[Input data Boundary: Start]

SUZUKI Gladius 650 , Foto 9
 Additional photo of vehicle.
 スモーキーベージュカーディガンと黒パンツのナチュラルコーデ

[Input data Boundary: End]

Activity: Only the lines from the one with "Additional photo of vehicle." through the last line of the material above are to be duplicated, exactly and with both ends kept.

Written answer:
 Additional photo of vehicle.
 スモーキーベージュカーディガンと黒パンツのナチュラルコーデ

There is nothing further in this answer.